### Exercise requirements
Set down each line of the material that follows, exactly, with no pictures.

### Information provided
BEGIN
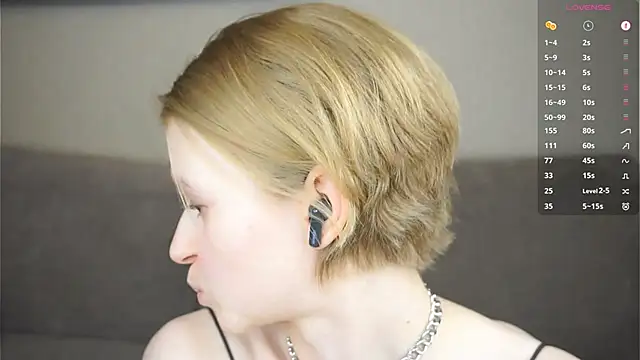 Živý XXX chat ToyaPletz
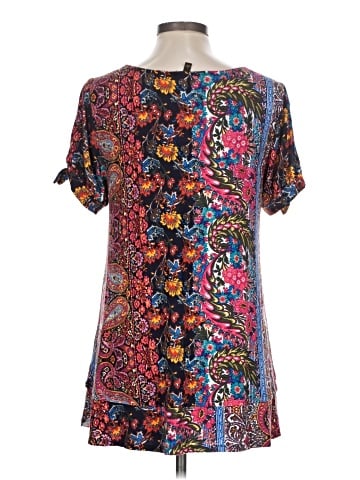 Cupio Short Sleeve T-Shirt (view 2)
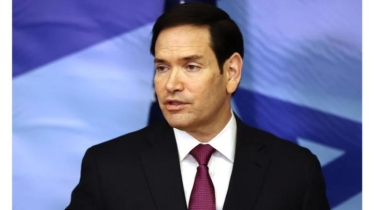 মাদুরোর মতো পরিণতির হুঁশিয়ারি রদ্রিগেজকে—রুবিও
END
### Task output
 Živý XXX chat ToyaPletz
 Cupio Short Sleeve T-Shirt (view 2)
 মাদুরোর মতো পরিণতির হুঁশিয়ারি রদ্রিগেজকে—রুবিও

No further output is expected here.